THE BARGAIN OF A LIFETIME
John 6:51-58
When I read a piece entitled “A Baloney Sandwich” by Bob Benson in See You At The House (1) recently, I was reminded of some of the church picnics I attended when living on my own. Benson’s experience was so similar to mine that we could have been at the same picnics. Like him, I would get ready to pack my picnic lunch, go to the refrigerator and find a dried up piece of baloney and just enough mustard in the jar so that I got it all over my knuckles trying to get to it. I would add a couple of slices of stale bread, put it in a brown paper bag and head off to the picnic.

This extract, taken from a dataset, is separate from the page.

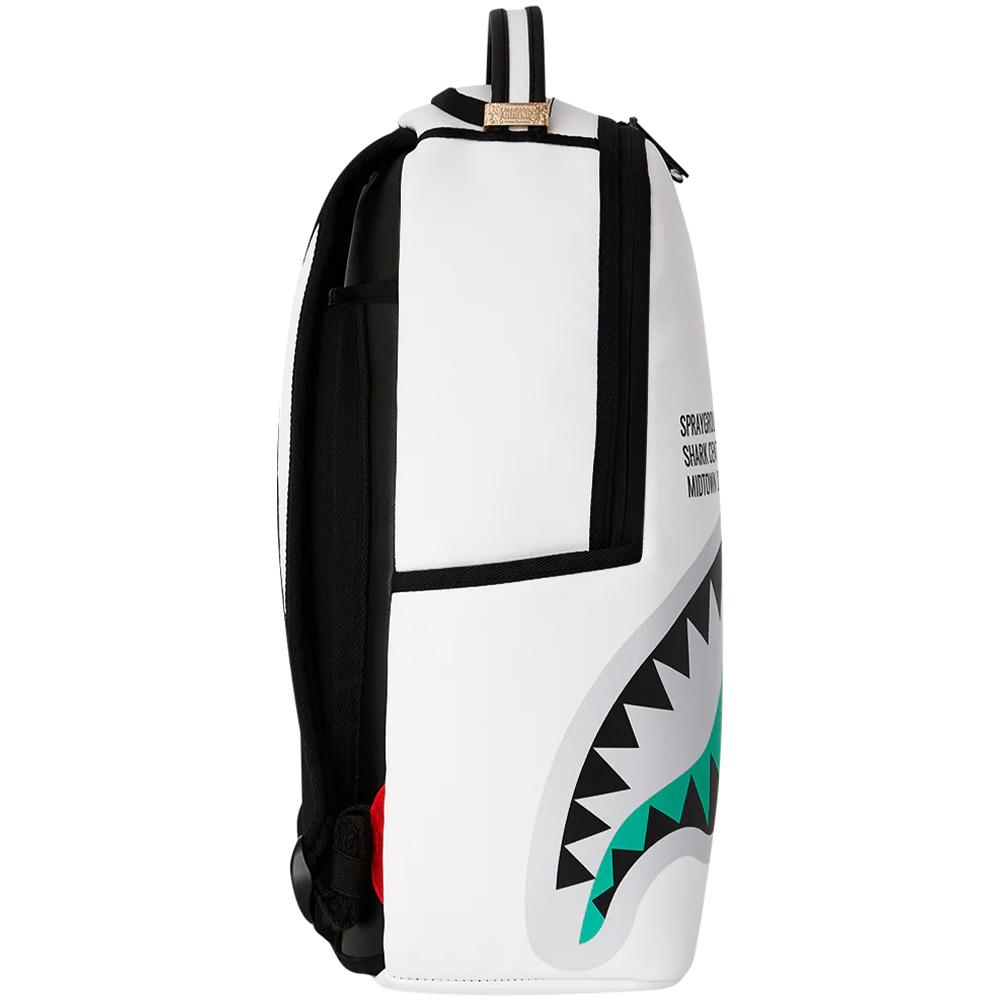 Sprayground Рюкзак унисекс с большим логотипом акулы, рисунком пасти акулы, черно-белой цветовой блокировкой, ПВХ, W1035717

When it came time to eat I would more than likely find myself sitting beside some people who it seemed had been preparing food for this picnic for the past week. They had fried chicken, potato salad, green salads, homemade rolls, pies, and cake. If that wasn’t enough they had a few things like hamburgers and hot dogs that they could throw on the BBQ. They would spread this feast out next to my baloney sandwich.
Then they would say to me, “Say, Why don’t we put it all together, and share” . I would look down at my meager offering and reply, “No, I couldn’t do that! All I have is this sandwich”
But they would insist, “O come on, we all love baloney sandwiches, and we have plenty here. We’ll put it all together and there would be enough for everyone” .
So I would finally agreed and place my baloney sandwich with the rest, with a certain reluctance but also with an eye on that fried chicken.
One could say that I came to the picnic as a pauper and ended up eating like a king.
As Bob Benson points out:
One day it dawned on me that God had been saying just that sort of thing to me. “Why don’t you take what you have and what you are, and I will take what I have and what I am, and we will share it together.” I began to see that when I put what I had and was and am and hope to be with what he is, I had stumbled upon a bargain of a lifetime. (2)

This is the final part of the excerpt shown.